04/03/2026
I just finished reading 'Wet Nursing: A History from Antiquity to the Present' by Valerie Fildes, published in 1988. It does exactly as the title suggests, and it's fascinating. I thought I already knew a lot about wet nursing in the past, but I've learned so much. One of the big take aways for me was how complicated & controversial an issue infant feeding has always been. It's easy to assume that women only stopped breastfeeding in big numbers when formula became widely available - there's truth in this - but the reality is much more complex.
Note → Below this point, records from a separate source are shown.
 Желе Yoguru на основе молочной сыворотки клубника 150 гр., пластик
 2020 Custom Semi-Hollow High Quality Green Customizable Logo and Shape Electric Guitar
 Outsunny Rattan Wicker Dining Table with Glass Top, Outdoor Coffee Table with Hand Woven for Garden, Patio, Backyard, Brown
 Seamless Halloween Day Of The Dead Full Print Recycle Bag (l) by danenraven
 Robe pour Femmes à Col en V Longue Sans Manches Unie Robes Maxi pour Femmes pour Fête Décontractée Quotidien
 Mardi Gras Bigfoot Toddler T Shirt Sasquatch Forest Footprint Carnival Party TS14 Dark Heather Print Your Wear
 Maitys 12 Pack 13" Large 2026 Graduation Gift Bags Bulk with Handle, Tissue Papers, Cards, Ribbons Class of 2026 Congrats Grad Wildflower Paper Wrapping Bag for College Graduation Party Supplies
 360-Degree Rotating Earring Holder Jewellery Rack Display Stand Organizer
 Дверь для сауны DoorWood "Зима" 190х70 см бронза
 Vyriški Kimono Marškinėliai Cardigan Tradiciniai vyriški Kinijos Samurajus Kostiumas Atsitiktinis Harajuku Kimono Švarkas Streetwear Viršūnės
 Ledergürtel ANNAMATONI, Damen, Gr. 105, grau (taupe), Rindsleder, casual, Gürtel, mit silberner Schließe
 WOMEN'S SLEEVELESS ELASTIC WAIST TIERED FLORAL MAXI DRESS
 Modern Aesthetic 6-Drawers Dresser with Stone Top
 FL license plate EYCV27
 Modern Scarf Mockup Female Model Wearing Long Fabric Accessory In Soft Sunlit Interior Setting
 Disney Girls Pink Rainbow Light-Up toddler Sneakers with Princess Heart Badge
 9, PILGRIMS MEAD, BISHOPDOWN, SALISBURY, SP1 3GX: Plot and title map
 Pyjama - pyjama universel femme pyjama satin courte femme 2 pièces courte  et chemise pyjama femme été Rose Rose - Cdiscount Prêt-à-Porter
Since ancient times, how babies were fed was influenced by social class, economic status, social norms, patriarchal attitudes to womens' bodies and the milk they produced, religion and politics.
Particularly in Europe, wet nursing was not just practised by the aristocracy - it was in many countries entirely the norm for middle class families. For example, in Florence in the 1500's, by 2 weeks of age 80% of babies had been sent out to wet nurses in the country. The husbands made all the decisions about how the baby would be fed & by whom. There was a big emphasis on lineage - "nothing should detract from the wife's primary function of providing a sufficiently large number of infants to make sure one or more would survive to inherit."
Here's a couple of quotes from the book:
● "Women these days are too delicate or too haughty, or they do not like the inconvenience" - A 14th Century Scottish physician, Bernard of Gordon, on breastfeeding.
● "In Austria (in the 1930's), as elsewhere in Europe, wet-nursing, like prostitution, was one of two ever-available sources of income for poor young women. They could at all times earn their keep by becoming pregnant and selling their milk."
● "If Aunt Mary was feeding her own baby and Miss Lucy started crying Marse John would sn**ch her baby up by the legs and s***k him, and tell Aunt Mary to go on and nuss his baby fust." - A man describing how his aunt (a slave in Georgia) was made to nurse the slave owner's baby. Making slave women wet-nurse slave owners' babies was common practice in the Americas.
There's a wet-nursing museum in Burgundy - hope to visit some day!